__What the task asks__: Set the data down again, exactly as it reads, but without the pictures.

__Data segment__:
################

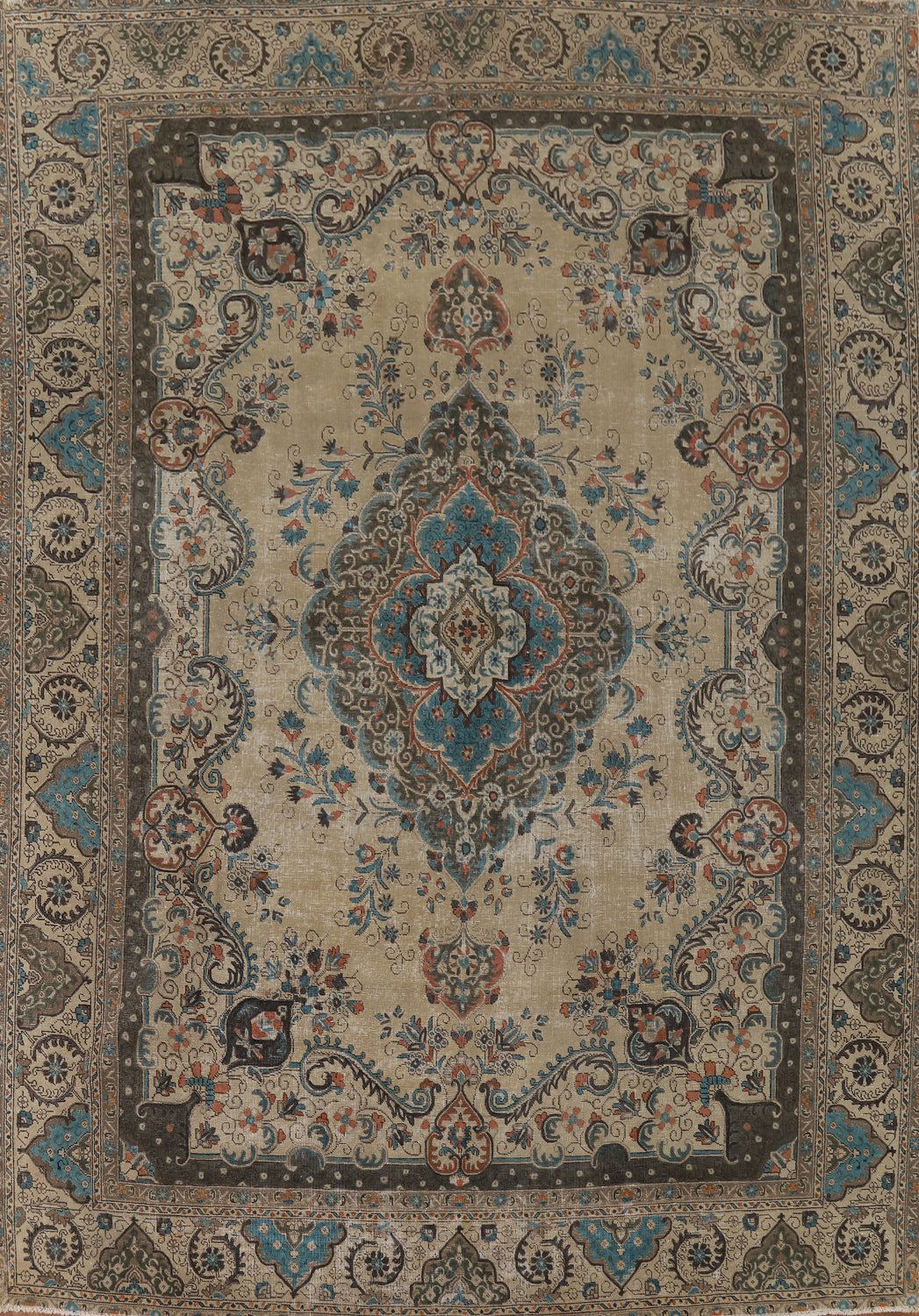 Distressed Wool Tabriz Persian Area Rug 9x12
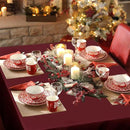 sancua Rectangle Tablecloth - 60 x 84 Inch - Stain and Wrinkle Resistant Washable Polyester Table Cloth, Decorative Fabric Table Cover for Dining Tables, Buffet Parties and Camping, Burgundy by CozyNest Decor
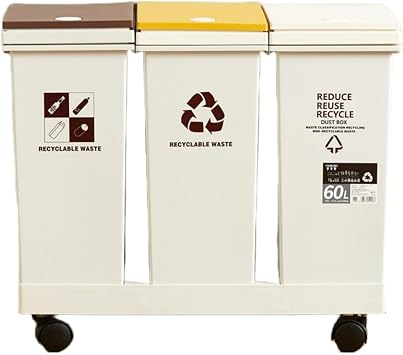Separating Trash Bin, Separating Dust Box with Lid and Wheels, Removable, Horizontal Type, 3 Sort Wagon with Lid, Slim, Stain Resistant, Water Repellent, Color Sorting, Sealed Push Type, Keep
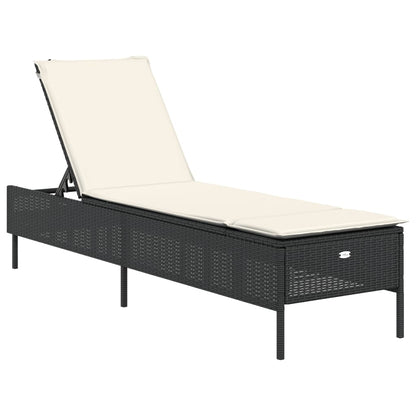 Sonnenliege mit Auflage Schwarz Poly-Rattan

################

__Answer section__:
 Distressed Wool Tabriz Persian Area Rug 9x12
 sancua Rectangle Tablecloth - 60 x 84 Inch - Stain and Wrinkle Resistant Washable Polyester Table Cloth, Decorative Fabric Table Cover for Dining Tables, Buffet Parties and Camping, Burgundy by CozyNest Decor
Separating Trash Bin, Separating Dust Box with Lid and Wheels, Removable, Horizontal Type, 3 Sort Wagon with Lid, Slim, Stain Resistant, Water Repellent, Color Sorting, Sealed Push Type, Keep
 Sonnenliege mit Auflage Schwarz Poly-Rattan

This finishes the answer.